[Items from a data source]
───

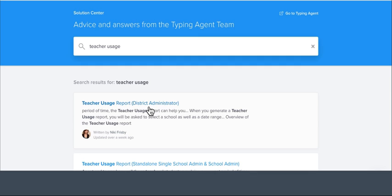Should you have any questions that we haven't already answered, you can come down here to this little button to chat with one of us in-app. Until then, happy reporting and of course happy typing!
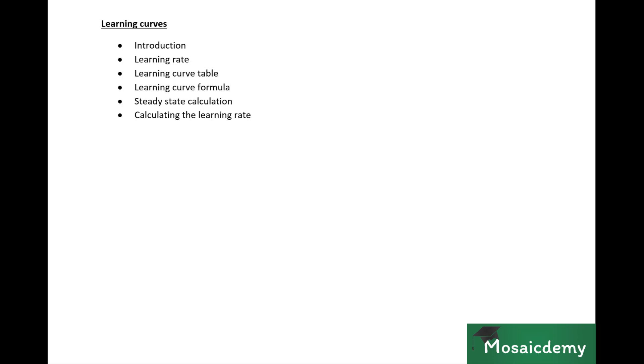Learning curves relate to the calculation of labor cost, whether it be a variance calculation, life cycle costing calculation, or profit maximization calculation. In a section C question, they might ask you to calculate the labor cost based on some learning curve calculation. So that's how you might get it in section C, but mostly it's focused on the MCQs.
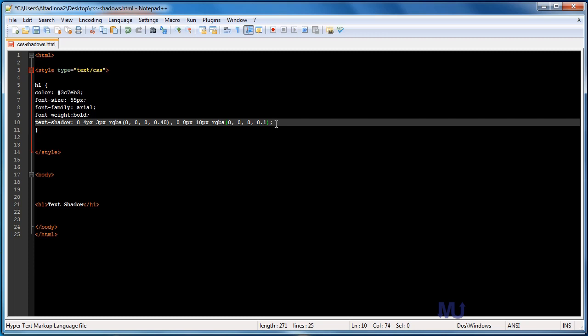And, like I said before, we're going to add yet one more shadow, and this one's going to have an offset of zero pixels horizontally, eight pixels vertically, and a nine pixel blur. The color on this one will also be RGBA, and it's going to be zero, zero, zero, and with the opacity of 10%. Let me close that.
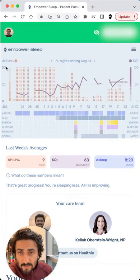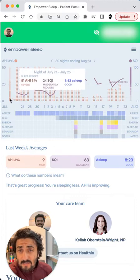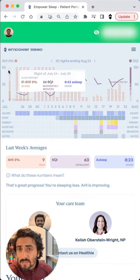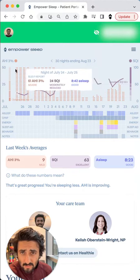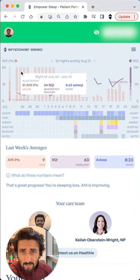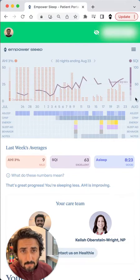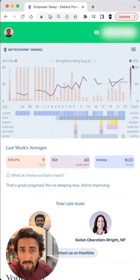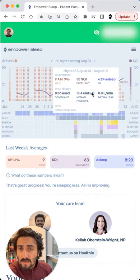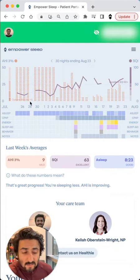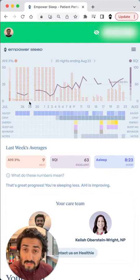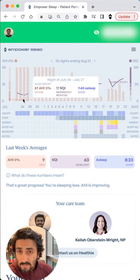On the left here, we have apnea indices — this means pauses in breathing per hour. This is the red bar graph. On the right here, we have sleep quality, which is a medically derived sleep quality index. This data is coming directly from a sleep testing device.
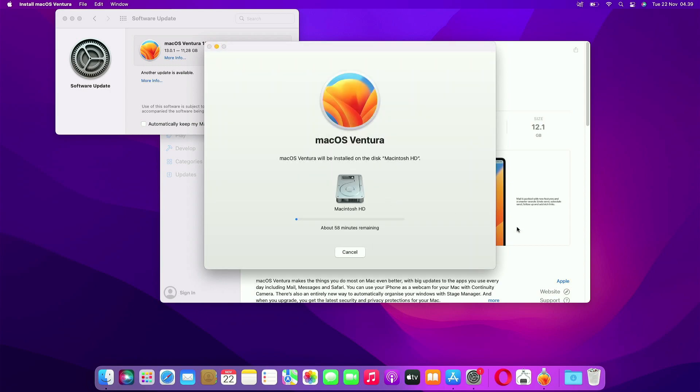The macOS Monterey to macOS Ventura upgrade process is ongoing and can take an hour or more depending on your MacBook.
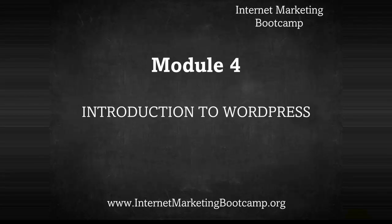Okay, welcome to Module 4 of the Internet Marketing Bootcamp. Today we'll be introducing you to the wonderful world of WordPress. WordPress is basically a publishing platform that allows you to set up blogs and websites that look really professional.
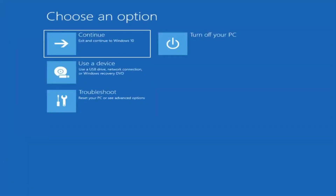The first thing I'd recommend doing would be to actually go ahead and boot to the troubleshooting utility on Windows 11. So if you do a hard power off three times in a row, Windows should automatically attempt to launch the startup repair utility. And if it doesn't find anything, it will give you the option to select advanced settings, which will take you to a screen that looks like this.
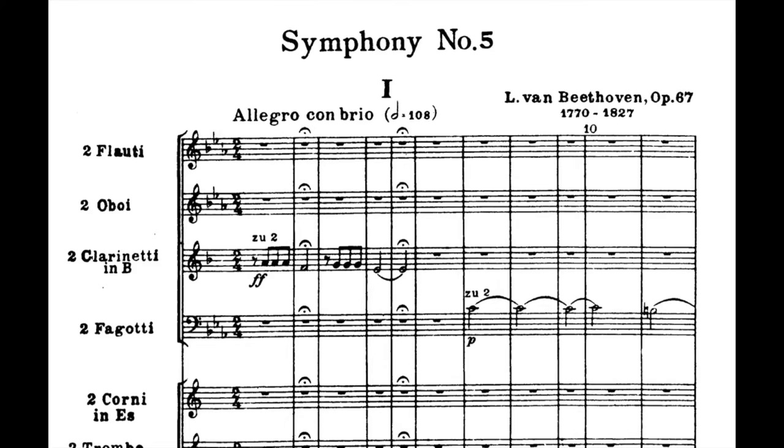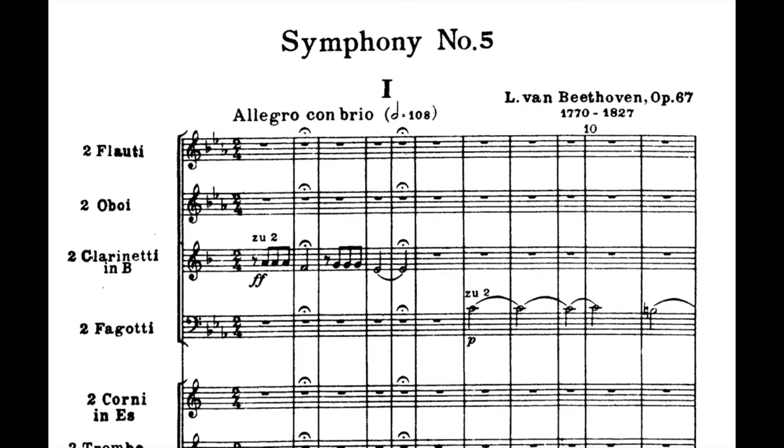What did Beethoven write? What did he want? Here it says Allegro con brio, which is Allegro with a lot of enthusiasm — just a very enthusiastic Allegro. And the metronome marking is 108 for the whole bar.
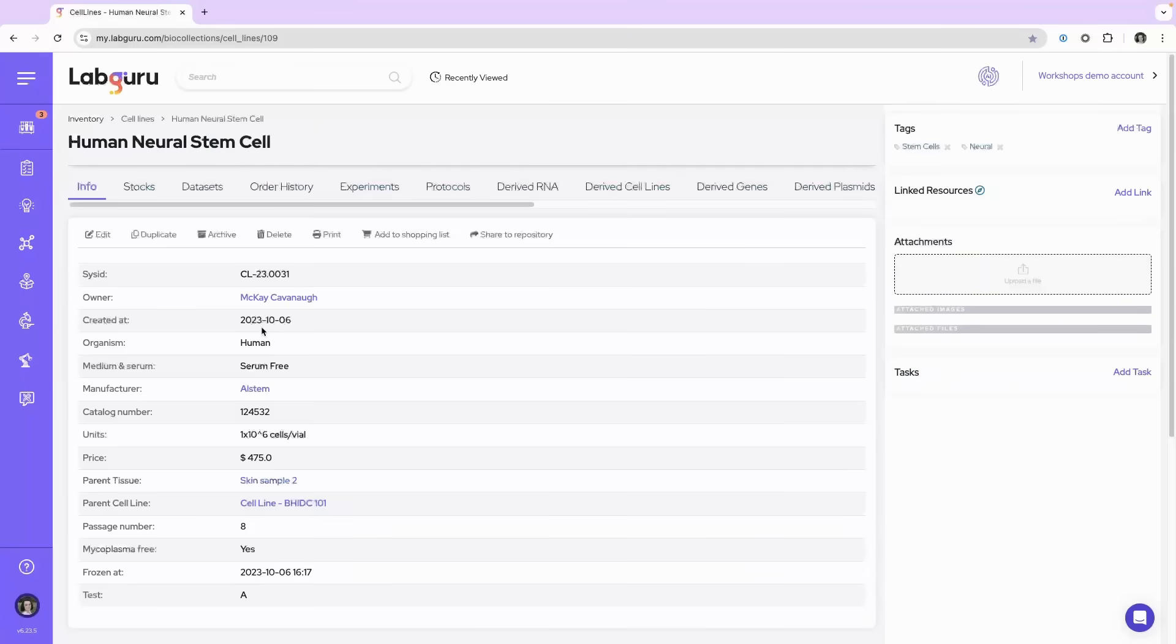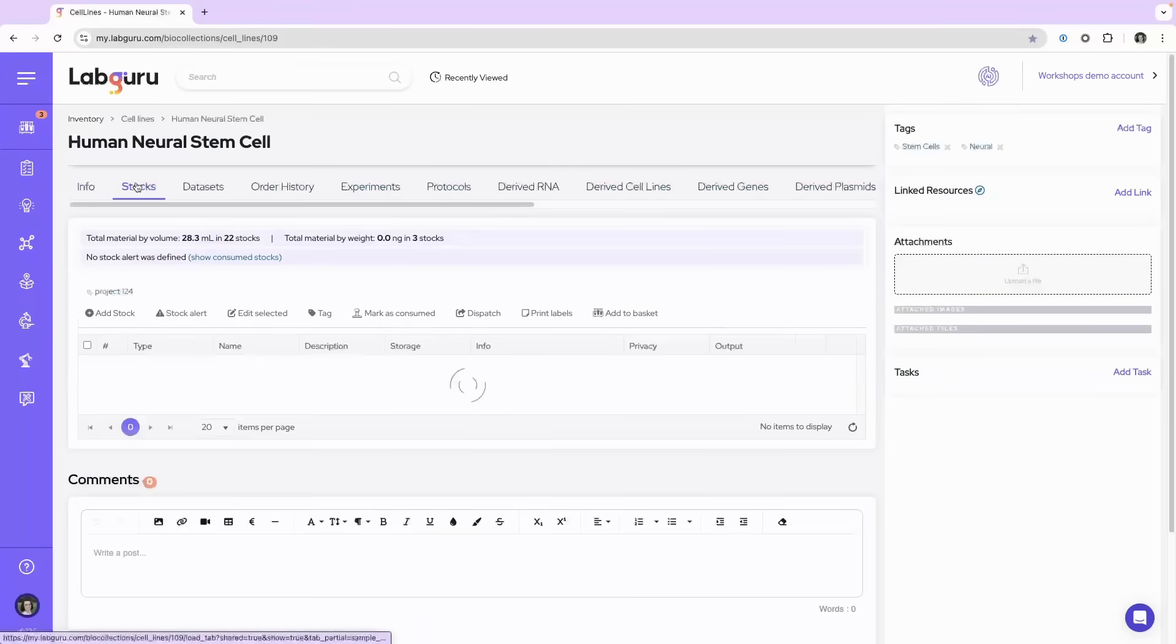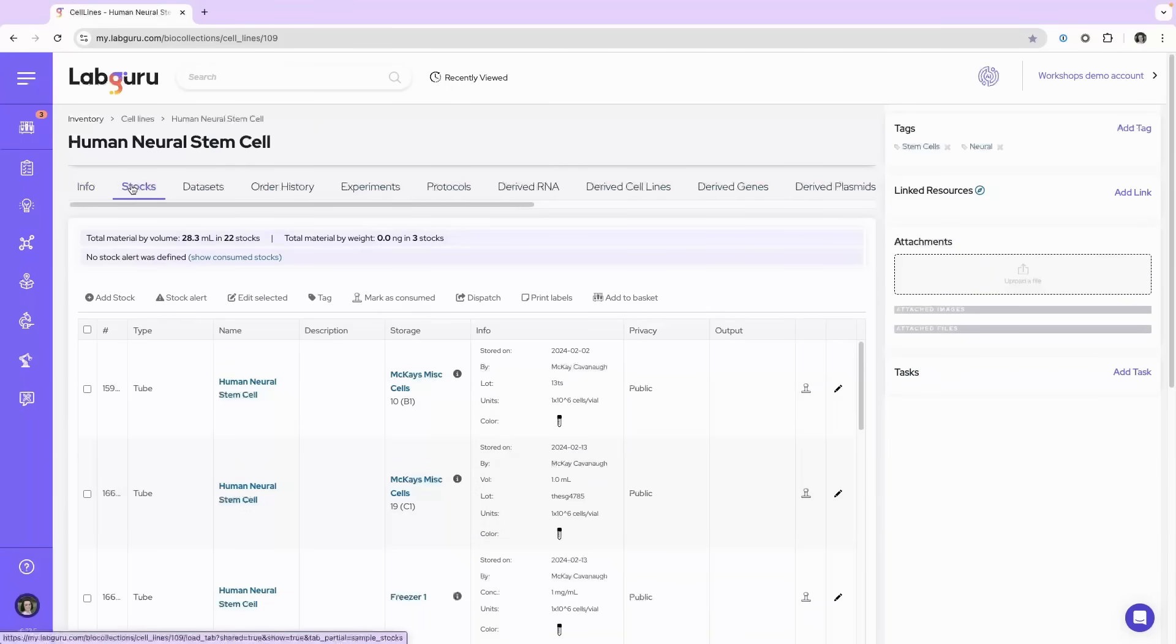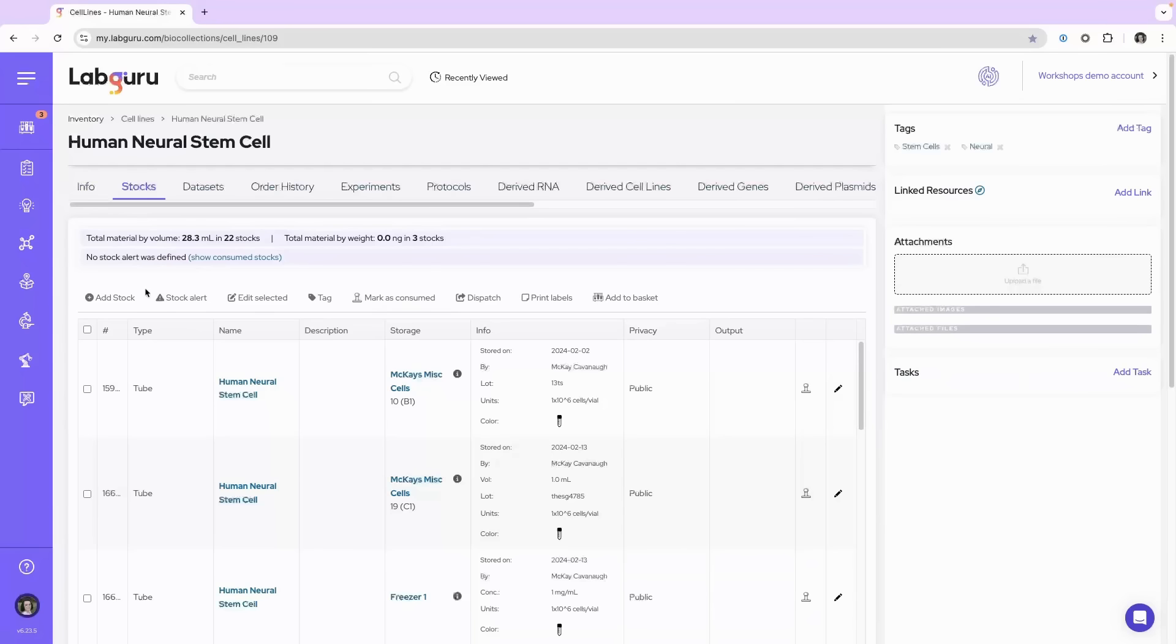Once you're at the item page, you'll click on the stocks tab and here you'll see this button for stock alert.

───

Write the data above out again exactly, minus its pictures.

Should you have any questions that we haven't already answered, you can come down here to this little button to chat with one of us in-app. Until then, happy reporting and of course happy typing!
Learning curves relate to the calculation of labor cost, whether it be a variance calculation, life cycle costing calculation, or profit maximization calculation. In a section C question, they might ask you to calculate the labor cost based on some learning curve calculation. So that's how you might get it in section C, but mostly it's focused on the MCQs.
And, like I said before, we're going to add yet one more shadow, and this one's going to have an offset of zero pixels horizontally, eight pixels vertically, and a nine pixel blur. The color on this one will also be RGBA, and it's going to be zero, zero, zero, and with the opacity of 10%. Let me close that.
On the left here, we have apnea indices — this means pauses in breathing per hour. This is the red bar graph. On the right here, we have sleep quality, which is a medically derived sleep quality index. This data is coming directly from a sleep testing device.
The macOS Monterey to macOS Ventura upgrade process is ongoing and can take an hour or more depending on your MacBook.
Okay, welcome to Module 4 of the Internet Marketing Bootcamp. Today we'll be introducing you to the wonderful world of WordPress. WordPress is basically a publishing platform that allows you to set up blogs and websites that look really professional.
The first thing I'd recommend doing would be to actually go ahead and boot to the troubleshooting utility on Windows 11. So if you do a hard power off three times in a row, Windows should automatically attempt to launch the startup repair utility. And if it doesn't find anything, it will give you the option to select advanced settings, which will take you to a screen that looks like this.
What did Beethoven write? What did he want? Here it says Allegro con brio, which is Allegro with a lot of enthusiasm — just a very enthusiastic Allegro. And the metronome marking is 108 for the whole bar.
Once you're at the item page, you'll click on the stocks tab and here you'll see this button for stock alert.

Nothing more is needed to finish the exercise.